The racist outburst happened early Friday morning outside House of Yes, a bar and performance venue by the Jefferson Street L stop. The man has since been identified by the NY Post as 29-year-old real estate agent Chris Giardina. He was fired from his job at MySpace NYC on Sunday night, according to principal broker Shawn Mullahy.
The six-minute clip shows the man drunkenly berating the bouncer, claiming that he was roughed up while leaving the club, and apparently calling the police to try to get the man arrested.
"Touch me again you fucking n-gger," he can be heard shouting. As a few people in the area jeered, Giardina turned to the man filming and said, "Yeah I said it, because he’s punching me you fucking sp-c."
"What is this, Harlem?" Giardina, who is originally from Boston, wondered aloud at one point. Later, he informed the police dispatcher, "Get somebody here or else I'm going to kill somebody."
Pointing at the cameraman and bouncer, he exclaimed, "I hate ignorant people. Sp-c—ignorant. Black—ignorant. You're the n-gger."
Both men on the receiving end of Giardina's racist tirade remained unmoved throughout the ordeal. "This is America," said the person filming. "We're better than this."
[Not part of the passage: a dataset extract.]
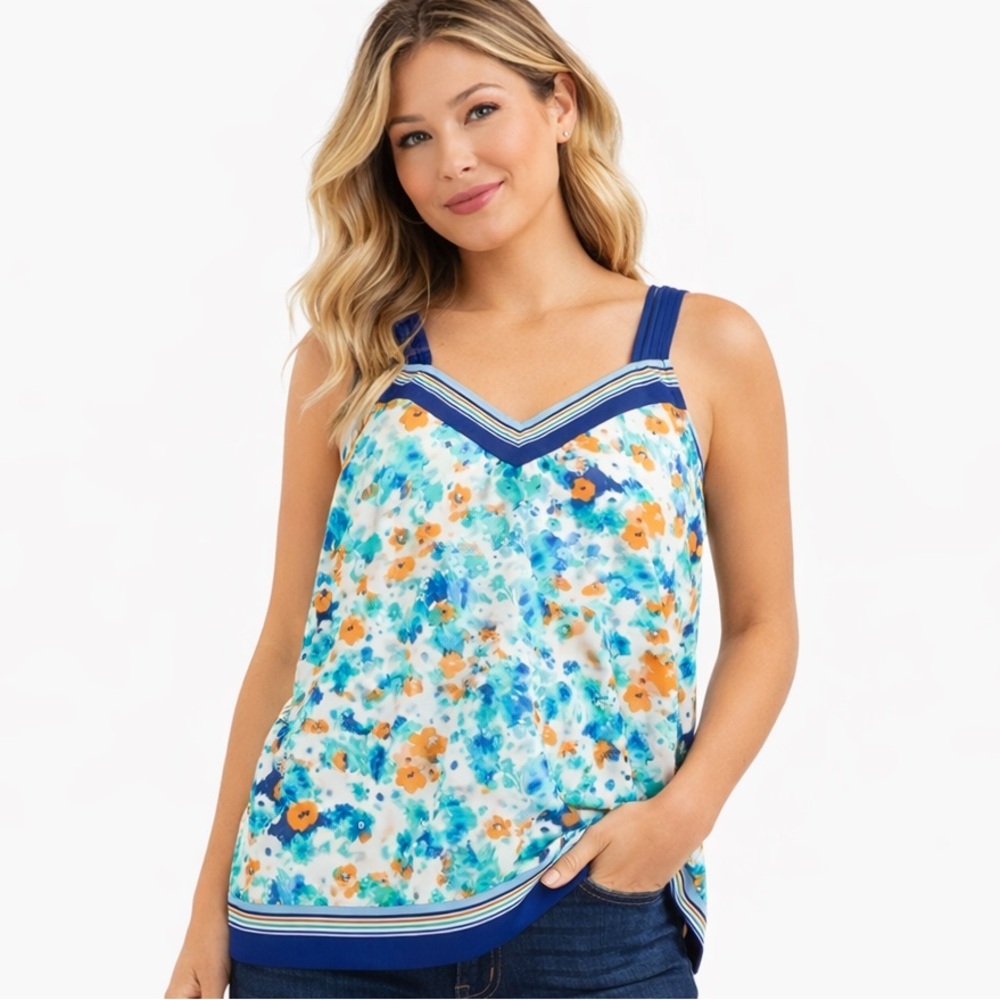Lauren Conrad Blue Floral Chiffon Tank With Stripe Cross Back Size Mefium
Reached for comment, Jacqui Rabkin, a marketing director at House of Yes, told Gothamist, "We are deeply appreciative of the way [the bouncer] kept his composure while the aggressive patron was hurling racial slurs at him, and we feel he acted fully within his rights throughout the interaction.
"We feel we made the right move escorting this patron out of our venue when he became aggressive and engaged in name-calling towards a different security guard indoors, and that decision was validated when we saw how his behavior escalated outdoors," she added.
The video ends shortly after police arrive on the scene, seemingly in response to Giardina's call. According to Rabkin, the cops asked the bouncer if he wanted to press charges, and "he replied that his only desire was for everyone to get home safely and he did not want to waste the emergency unit's valuable time."
On Sunday, Giardina told the Post that he is not racist. "The word that I used, that I’m embarrassed by using, was being thrown around the entire time," he explained to the tabloid. “It doesn’t make me a racist. It makes me an idiot." He also claims the video was manipulated, and the crowd was "actually on my side."
An NYPD spokesperson said there was no record of any arrests at the location at the time of the incident. We've reached out to Giardina and we'll update if we hear back.